Abstract

Twenty-first-century elected right-wing regimes share many similarities apart from being led by “authoritarian populists” who centralize power in themselves and represent ethnic or religious majorities at the expense of other citizens. Since higher judiciaries are key to ensuring executive accountability and the separation of powers in a liberal democratic constitutional setup, they are on the front lines of authoritarian attempts at institutional capture. Unlike earlier dictatorships that suspended existing constitutional protections or imposed martial law, current authoritarian regimes maintain a semblance of legality and constitutionalism while in practice attempting to remake the judiciary in their own image. This phenomenon has been variously termed “autocratic legalism,” “abusive constitutionalism,” and “populist constitutionalism.”In this article, I look at how the Indian Supreme Court (SC) has responded to executive incursions under the Narendra Modi regime since 2014. Even today, the court continues to deliver important democracy-enhancing judgments, breaking away from India’s colonial inheritance in matters like criminalizing same-sex relationships and adultery.
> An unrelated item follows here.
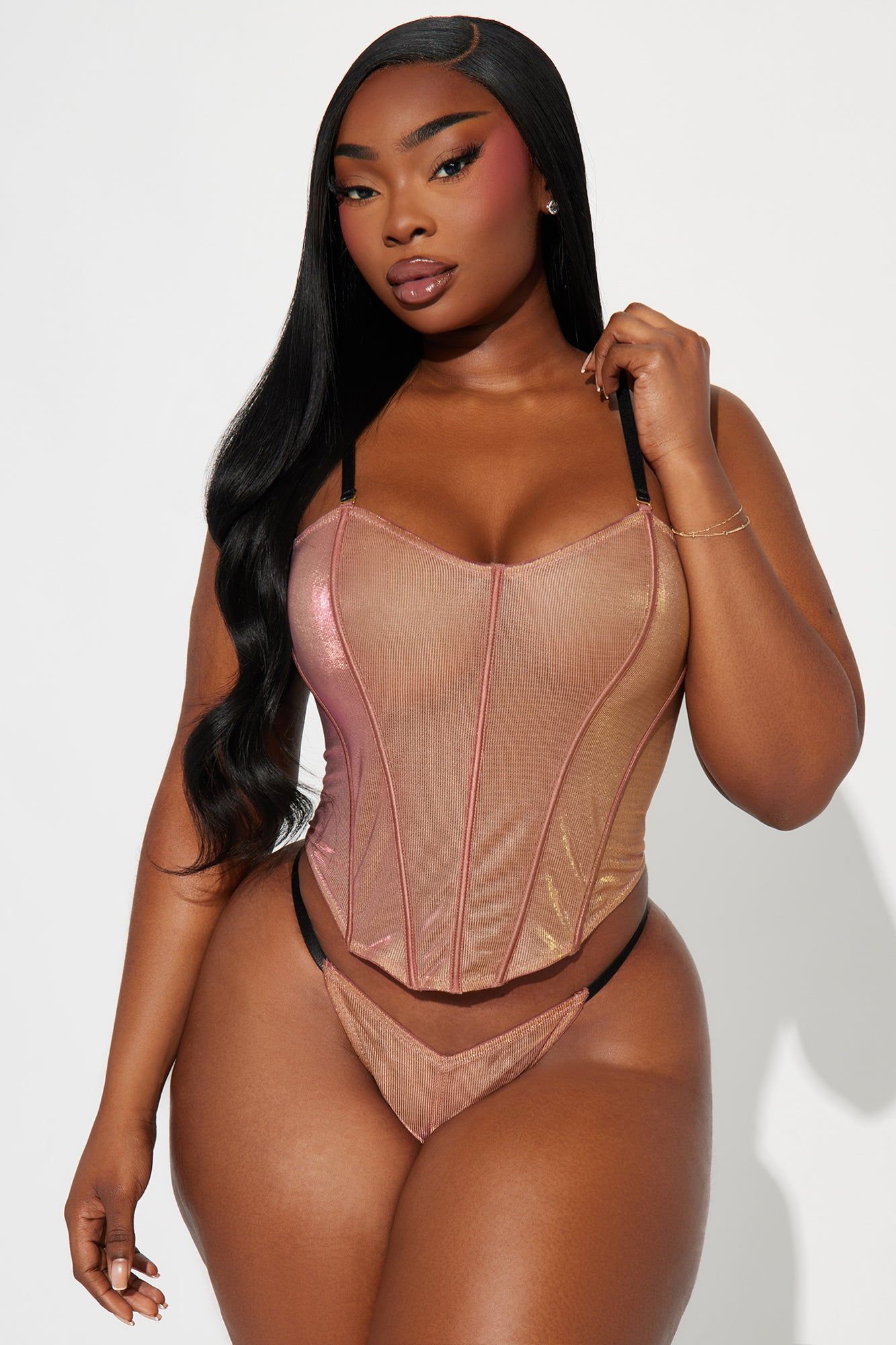 Euphoric Nights Iridescent Bustier And Panty Set - Pink/combo sold by Fashion Nova product image thumbnail 4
However, the last decade is strongly marked by two features: first, an unwillingness to hear major constitutional issues that might challenge the regime; and second, judgments that serve as an advertorial for the regime, reinforcing an antiminority ideological orientation, justifying the government’s actions, and promoting Modi’s personality cult. By outsourcing several political decisions to a seemingly disinterested and neutral judiciary, the Modi government has been far more successful than it would have been if it had imposed those decisions purely by legislative majority. In turn, by addressing a variety of political issues as purely legal matters and not addressing them as constitutional questions, the courts have collaborated in the delegitimization of dissent and reinforced the claims of the Modi regime.